If there is a useful metric, then I haven't found it yet. The data on cyclomatic complexity[1] does not convince me, and in practice, the linters I've seen have complained about boring code like this:

    switch (foo) {
    case KIND_1: return parseObjectOfKind1();
    case KIND_2: return parseObjectOfKind2();
    case KIND_3: return parseObjectOfKind3();
    ...
    case KIND_15: return parseObjectOfKind5();
    case KIND_16: return parseObjectOfKind16();
    }

There are 16 paths and yet this code is easy to follow. There is no substitute for human judgement (code reviews).

[1] https://en.wikipedia.org/wiki/Cyclomatic_complexity#Correlat...

wvenable · on March 8, 2021

> case KIND_15: return parseObjectOfKind5();

I don't like this type of code for exactly this reason.

Twisol · on March 8, 2021

The association between the two has to be written somewhere. Can you provide an alternative approach that isn't vulnerable to typos?

Jtsummers · on March 8, 2021

Their point seems to be in the mismatch of names. Imagine seeing this sequence, with names instead of numbers:

  switch(HTTP_METHOD) {
    case PUT: processPut(...);
    case POST: processPost(...);
    case GET: processDelete(...); // wtf
    case DELETE: processGet(...); // mate?
  }

To the reader that appears to be an error even if it is precisely the thing you want to happen.
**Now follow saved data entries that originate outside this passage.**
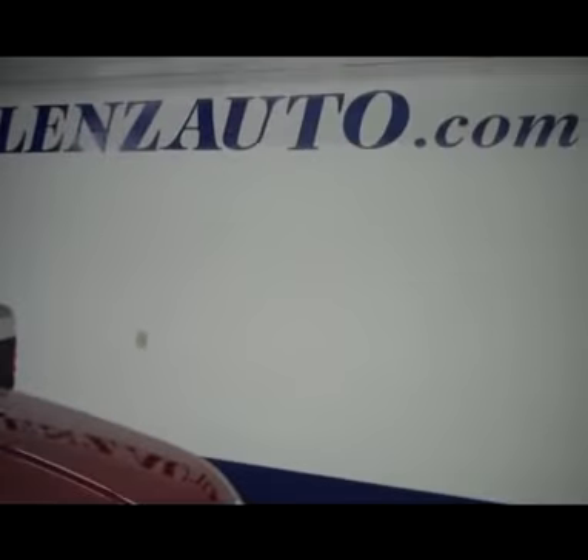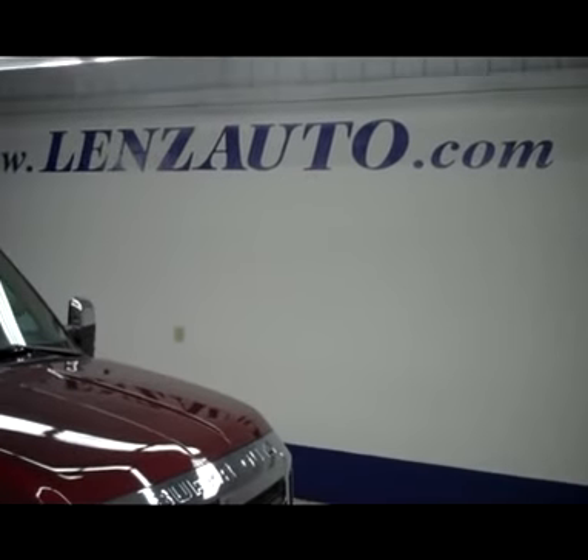If you don't see any more pictures of this truck or any other truck in the inventory, all you have to do is visit our website at www.LenzAuto.com.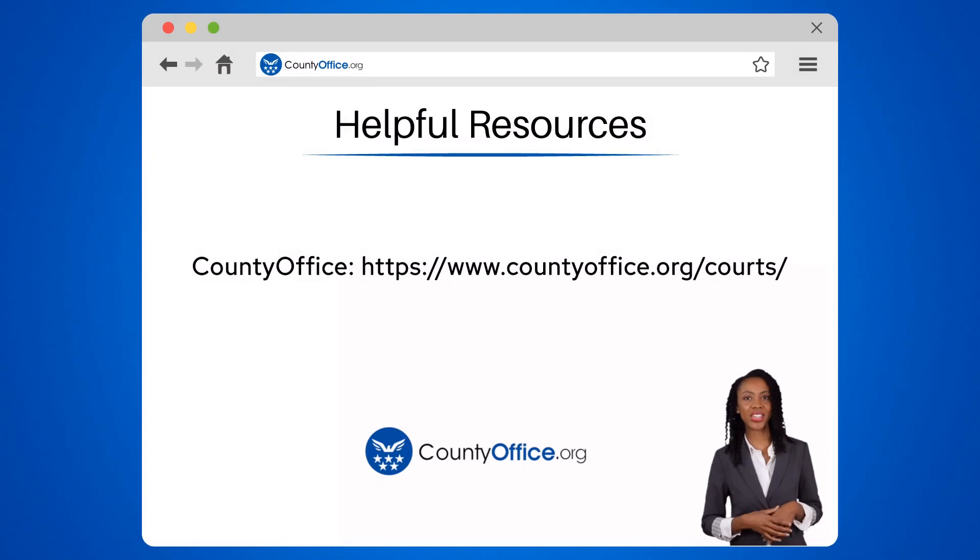To learn more, check out these links, which you can click in the description below. And feel free to comment your questions. We're here to help.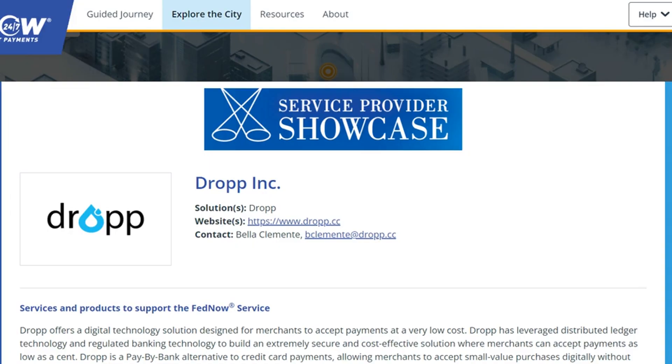FedNow showcases a DLT-powered payments system as a service provider. The United States Federal Reserve's instant payment system, FedNow, has added a company powered by the distributed ledger technology platform Hedera Hashgraph to its list showcasing service providers.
wvenable · on March 8, 2021

This is basic DRY violation. The number is duplicated twice and that can get out of sync (as in the example).
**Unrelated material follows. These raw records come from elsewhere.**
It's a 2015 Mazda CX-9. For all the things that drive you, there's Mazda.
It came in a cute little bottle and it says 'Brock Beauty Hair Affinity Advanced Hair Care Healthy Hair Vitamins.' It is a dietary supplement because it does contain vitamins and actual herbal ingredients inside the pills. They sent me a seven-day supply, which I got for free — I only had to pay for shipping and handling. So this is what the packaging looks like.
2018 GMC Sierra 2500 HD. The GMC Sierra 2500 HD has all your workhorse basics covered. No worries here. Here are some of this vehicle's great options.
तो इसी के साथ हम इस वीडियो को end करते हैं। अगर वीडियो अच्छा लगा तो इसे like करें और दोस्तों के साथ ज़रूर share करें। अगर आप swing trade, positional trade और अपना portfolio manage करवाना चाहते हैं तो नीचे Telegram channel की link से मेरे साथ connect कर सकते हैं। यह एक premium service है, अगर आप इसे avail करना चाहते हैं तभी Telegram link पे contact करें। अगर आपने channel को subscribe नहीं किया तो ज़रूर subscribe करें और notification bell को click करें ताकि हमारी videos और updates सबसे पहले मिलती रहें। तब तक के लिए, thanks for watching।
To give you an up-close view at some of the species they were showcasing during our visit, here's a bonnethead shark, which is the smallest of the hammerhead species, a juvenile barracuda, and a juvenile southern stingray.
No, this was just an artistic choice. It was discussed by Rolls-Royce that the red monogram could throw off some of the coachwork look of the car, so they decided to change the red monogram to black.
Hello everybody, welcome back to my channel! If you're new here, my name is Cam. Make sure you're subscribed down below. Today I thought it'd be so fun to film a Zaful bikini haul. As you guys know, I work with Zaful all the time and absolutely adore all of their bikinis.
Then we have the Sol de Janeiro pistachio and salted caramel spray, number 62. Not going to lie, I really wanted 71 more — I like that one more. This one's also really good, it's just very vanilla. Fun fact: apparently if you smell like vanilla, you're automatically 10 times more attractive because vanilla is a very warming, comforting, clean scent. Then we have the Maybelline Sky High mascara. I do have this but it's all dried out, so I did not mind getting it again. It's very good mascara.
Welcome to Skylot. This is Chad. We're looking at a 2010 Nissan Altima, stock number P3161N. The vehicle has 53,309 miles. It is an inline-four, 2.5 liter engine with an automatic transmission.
I think everyone has coded this way out of expedience and some of us have eventually messed it up too. But you could, for example, use a macro in C to only list the number once. It might not be a trade-off worth making though.

Personally, I've used reflection to do this kind of mapping of enums to functions in a language that supports reflection.

gurkendoktor · on March 8, 2021

The code was inspired by a piece of Java code that rendered geometric primitives. It was basically case "box": return parseBox(); as you suggested in your other post.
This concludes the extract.